After that we went to an exhibition of Matisse and Picasso at the National Art Gallery. Comparisons made between them as they were sometime friends and almost contemporaries. They have a nice collection of works on paper that you don’t see very often.

This is some of the other stuff they have there – oriental art and aboriginal art. They had interesting displays of early Australian paintings, silverware, furniture, portraits, photos etc to give you an idea of what life was like in the early years of the colony.

We also went to the National Portrait Gallery but I didn’t take any pictures there.

Canberra seems to be rather an odd place. Because it was purpose built, it has everything laid out in an orderly fashion. Yesterday, Peter took me to see the embassies. All in the same area, nothing else in between them – except brown grass – and all built in different styles. All the government buildings and important galleries etc are also all in the same place. It’s all carefully laid out and must be beautiful when it’s had some rain – there are masses of trees.

Saturday 3rd January

Hot hotter and hottest. It has been 43 degrees and the news is full of people being told to evacuate their homes as the fire service cannot protect them. Not here, I hasten to say.

We have been obtaining more culture in air conditioned buildings today. Firstly, to the new parliament building. This doesn’t look very big from outside as a good chunk of it is underground. It is all very grand and, whilst they have stuck to the green and red colour scheme it is much paler to make it more Australian.

Then to the National Library for a look round and a tour of the ‘Treasures’ department – stuff to do with the history of Australia that isn’t books. And lunch.

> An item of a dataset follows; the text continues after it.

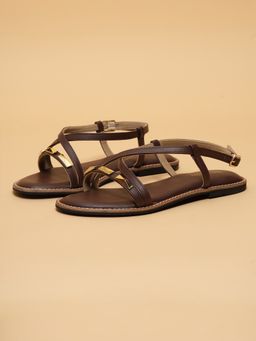ERIDANI - Women Emroy Brown Sandals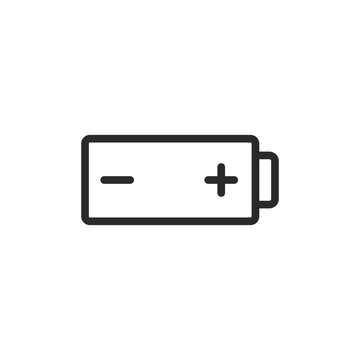 recommend clip art: Battery, linear style icon. device with low battery power. Editable stroke width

The Australian War Memorial is actually their equivalent of the Imperial War Museum – rather than an obelisk in the middle of town. Australian soldiers through the years – Gallipoli, the Western Front, the Japanese in the Pacific, Korea, Vietnam etc.

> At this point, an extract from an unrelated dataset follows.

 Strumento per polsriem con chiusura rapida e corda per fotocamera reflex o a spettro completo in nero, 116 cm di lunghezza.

Is anyone else reminded of Harrison Ford and Indiana Jones?

6 thoughts on “Back to Canberra

  1. Interesting photos – I particularly like the wall of smaller ‘paper’ images, which seem to benefit from being seen in a block, and the huge oriental vase behind the splendid buddha is gorgeous…a mass of delicate detail.

    The forecast back here for your weekend is fairly awful – and we’ve seen the PM’s tour of devastated sites – minus beeping but there was a pretty angry woman with a goat on a string and a frankly exhausted looking fireman who was very unimpressed by his presence. Stay safe.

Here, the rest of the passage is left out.